Yara Gambirasio non morì infatti nelle fasi immediatamente successive all’aggressione ma nelle ore successive anche se stabilire la durata della sua agonia non è stato possibile. La tredicenne - ha ricordato il pm di Bergamo, Letizia Ruggeri - morì per una concausa delle lesioni subite e per il freddo. «Avrà provato paura e dolore», ha aggiunto il magistrato che ha ricostruito minuziosamente tutti i passaggi dell’ indagine.

Il magistrato ha continuato: «Sulla tredicenne Yara Gambirasio, incapace di difendersi perché tramortita con un corpo contundente, furono inferte delle ferite, non mortali, e che sembra avessero lo scopo di infierire sulla ragazza».
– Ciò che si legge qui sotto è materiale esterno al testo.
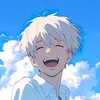 shxr.jinchou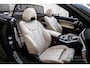 BMW 4-Serie Cabrio M440i xDrive High Executive Harman Kardon, 360 graden camera, laser, head-up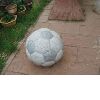 sell granite or marble balls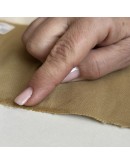 Клей текстильний, 71-010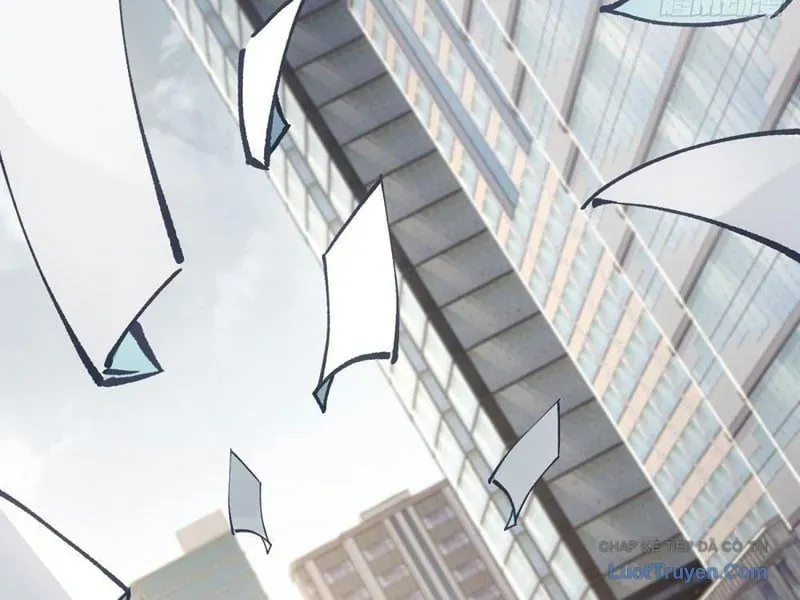 Cuộc Đời Mạt Thế Hoàn Mỹ Của Tôi Chapter 17 - 27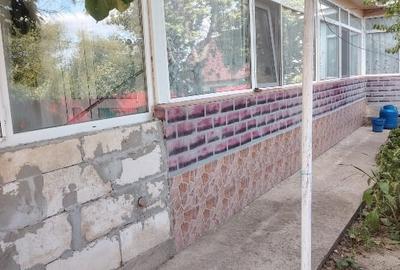 Vand casa la tara - 1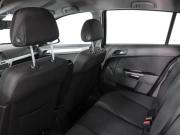 Opel Astra H Рестайлинг Химки  - изображение 16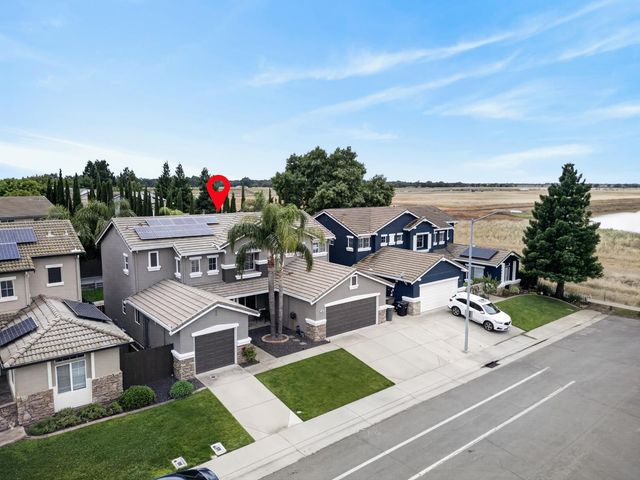 2695 3rd St, Lincoln, CA 95648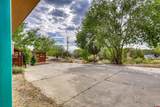 20 Sunset Trail - Photo 27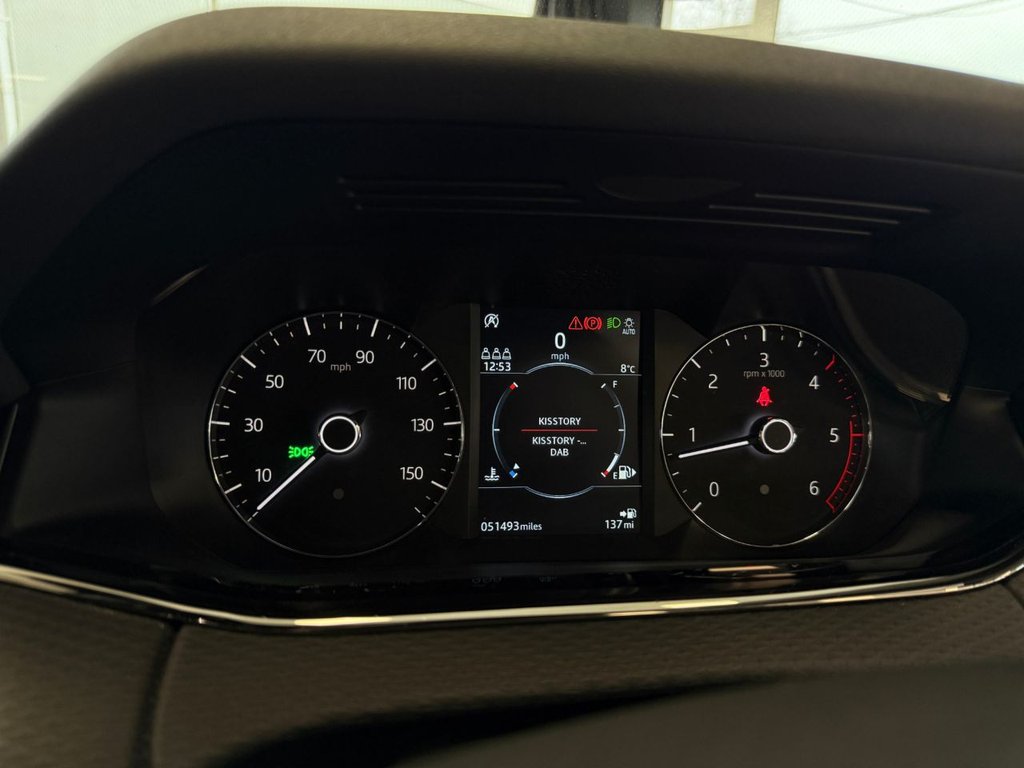 Used Land Rover Range Rover Evoque 2019 for sale - 77780222: Photo 26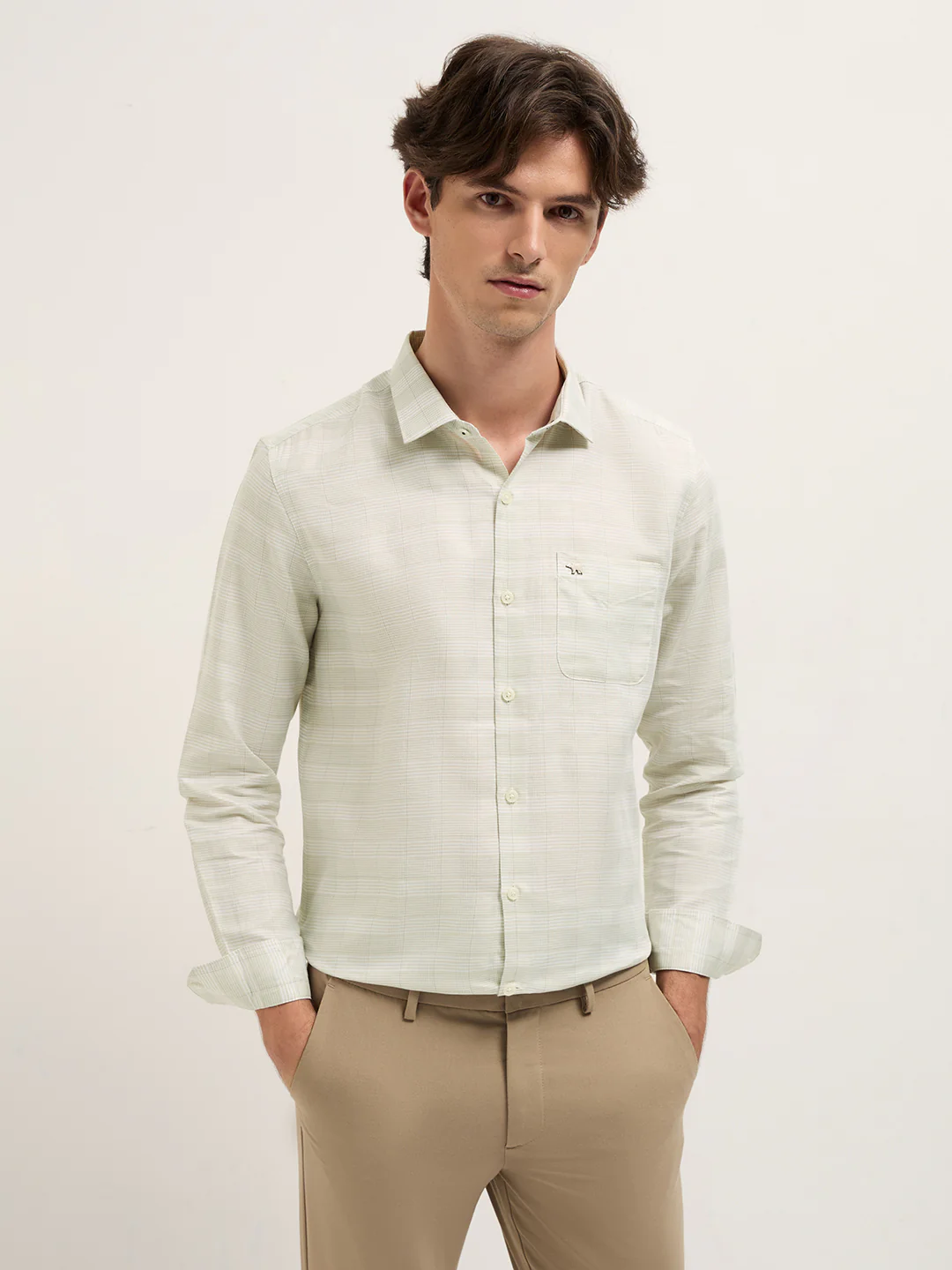 KEVOR - Image 4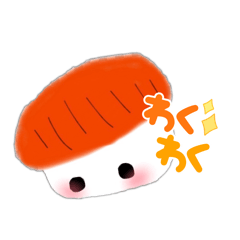 11111111_20260402131035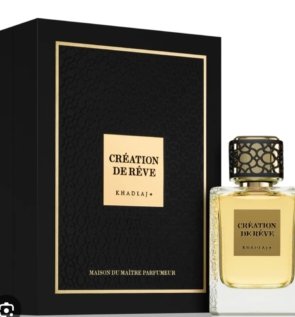 photo_2026-03-16 22.47.04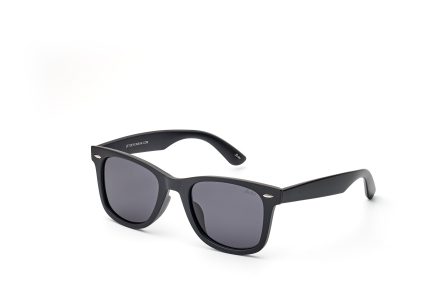 картинка Солнцезащитные очки LETO L2305B — Мои Очки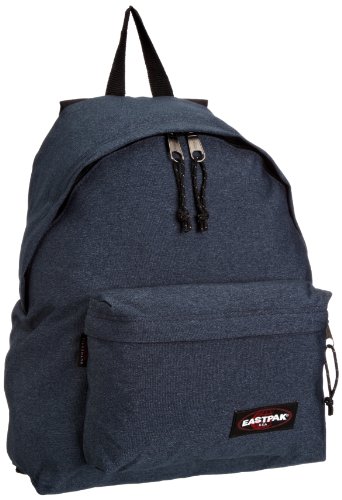 Eastpak Padded Pak'R Backpack, 24 L, Double Denim
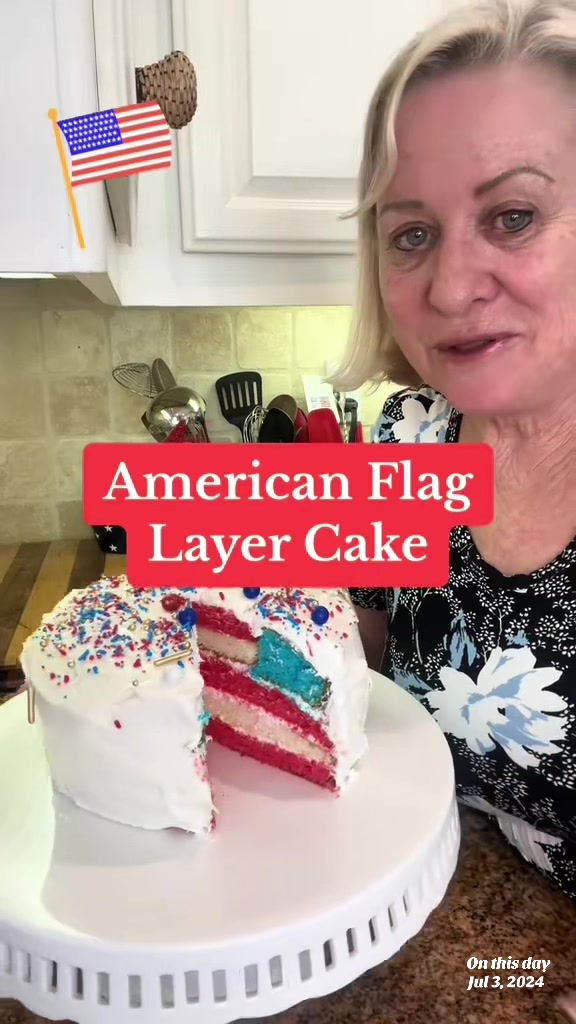 @BossLadyKitchenOC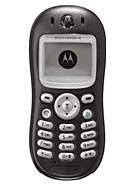 Best available price of Motorola C250 in Palau
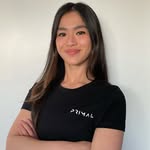 Lisa | Physio | Educator - @lisa_primalphysio - Instagram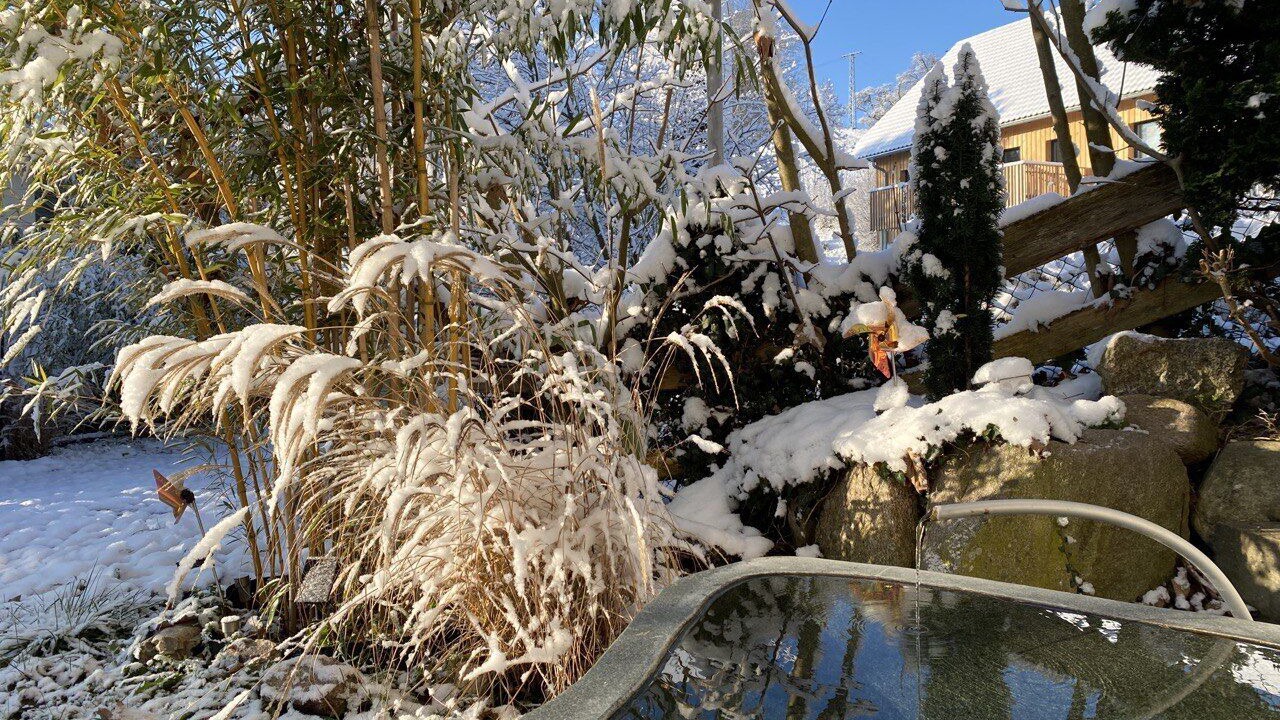 Photo of Outdoor in Goppertsweiler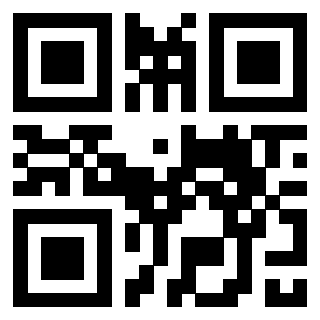 Qr Code di 3303644938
Il pm Letizia Ruggeri ha poi spiegato nel dettaglio il procedimento grazie al quale si è arrivati all’identificazione del muratore con il presunto omicida ed ha sottolineato come questo modo di procedere «sgombera il campo dall’idea di voler trovare a tutti i costi un colpevole». «La bontà di questo percorso scientifico - ha detto il pm - è data dal fatto che il match (confronto) del dna è stato fatto ad un uomo nato e cresciuto in queste zone, che lavora nell’edilizia, nato a Clusone, che ha avuto la residenza a Brembate con lavori sempre svolti in zona. Si è partiti da un dna che non si conosceva, abbiamo fatto dei riscontri. Se non avessimo avuto il dna questo soggetto non sarebbe mai stato trovato. Non sapevamo chi fosse, non era un sospettato, il suo dna non è mai stato raccolto».

Secondo il pm, che proseguirà la sua requisitoria il prossimo 18 maggio, inoltre, «non vi sono spazi di discussione per quanto riguarda la validità del lavoro scientifico svolto dal Ris e dai consulenti».

Colpevolezza o innocenza di Bossetti si giocheranno su elementi ormai noti e dibattuti, riassumibili grosso modo in sette punti. Il Dna trovato su slip e leggings della vittima. L’aggancio delle celle telefoniche che collocano l’indagato nella zona della sparizione di Yara. Le telecamere che – secondo gli inquirenti – riprendono il suo furgone attorno al centro sportivo. Le fibre (e particelle ferrose) trovate sui vestiti della vittima, per i Ris compatibili con il materiale dei sedili del furgone. La testimonianza di una donna di Trescore che sostiene di aver visto Bossetti nell’estate precedente al delitto in auto, in compagnia di una ragazzina. La perizia sui computer dell’indagato, da cui emergono ricerche con parole chiave come «ragazzine» accostate a contenuti hard. E infine le intercettazioni, in particolare quelle ambientali dei colloqui in carcere fra Bossetti e la moglie, Marita Comi. In questi incontri la donna sembra a tratti nutrire dubbi sul marito e lo incalza: «Non ho mai saputo cosa hai fatto quella sera...».